Practical 11: Interpolating Point Data in R

An Introduction to Spatial Data Analysis and Visualisation in R - Guy Lansley & James Cheshire (2016)

This practical provides an introduction to some techniques which are useful for interpolating point data across space in R. Interpolation describes a means of estimating a value for a particular setting based on a known sequence of data. In a spatial context, it refers to using an existing distribution of data points to predict values across space.
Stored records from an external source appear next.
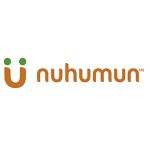 Untamed Cat Food Coupon Codes 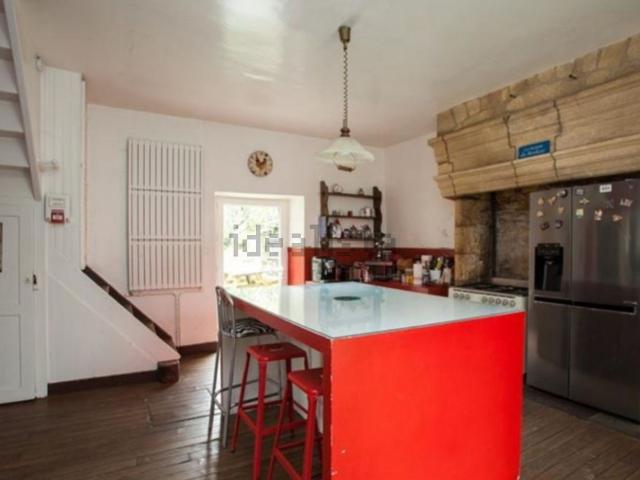 Maison vente à Montfort, Vitrac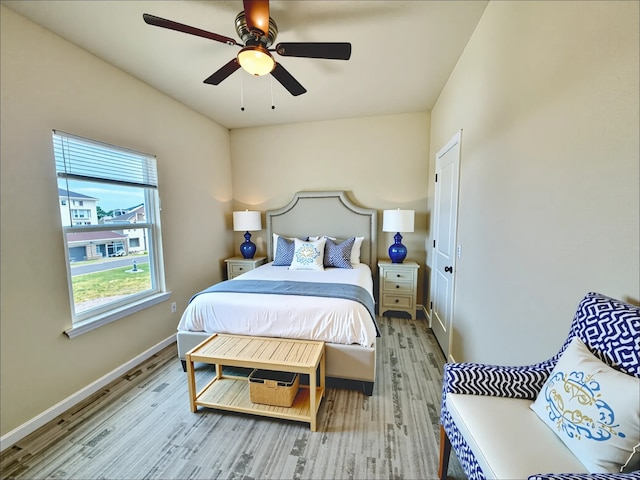 17 Edgewater St, Bayou Vista, TX 77563 - photo 8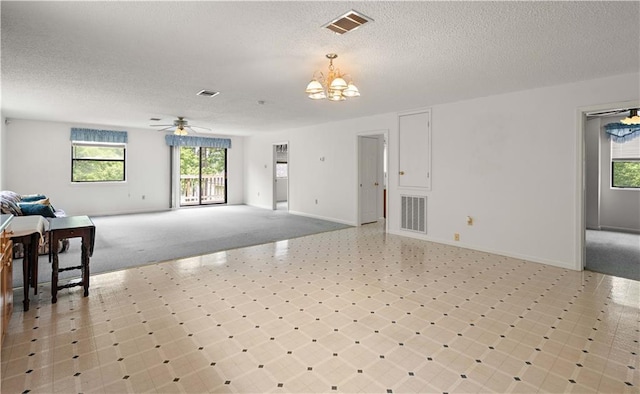 100 Secretariat Ct, Bush, LA 70431 - photo 32
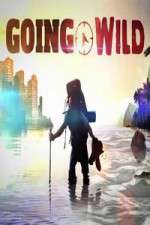 Watch Going Wild Zoechip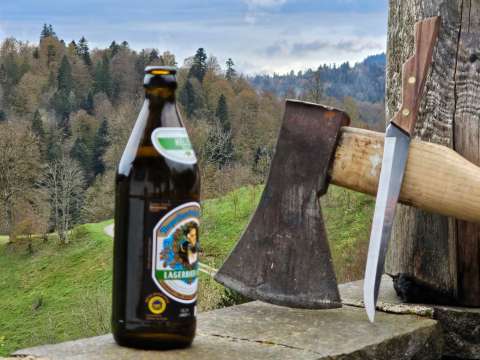 signal 2024 04 26 19 27 01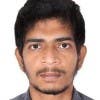 shivaram1798's Profile Picture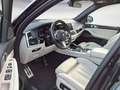 BMW X5 xDrive30d M-Sport, AHK, Laser, Head-Up, Panor Schwarz - thumbnail 8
Data for the practical can be downloaded from the Introduction to Spatial Data Analysis and Visualisation in R homepage.

In this tutorial we will:

Create thiessen polygons
Run an inverse distance weighting to interpolate point data
Clip spatial data using the crop (for polygons) and mask (for rasters) functions

First, we must set the working directory and load the practical data.

# Set the working directory
setwd("C:/Users/Guy/Documents/Teaching/CDRC/Practicals")

We will also need to load the spatial data files from the previous practicals.

# load the spatial libraries
library("sp")
library("rgdal")
library("rgeos")
library("tmap")

# Load the output area shapefiles, we won't join it to any data this time
Output.Areas <- readOGR(".", "Camden_oa11")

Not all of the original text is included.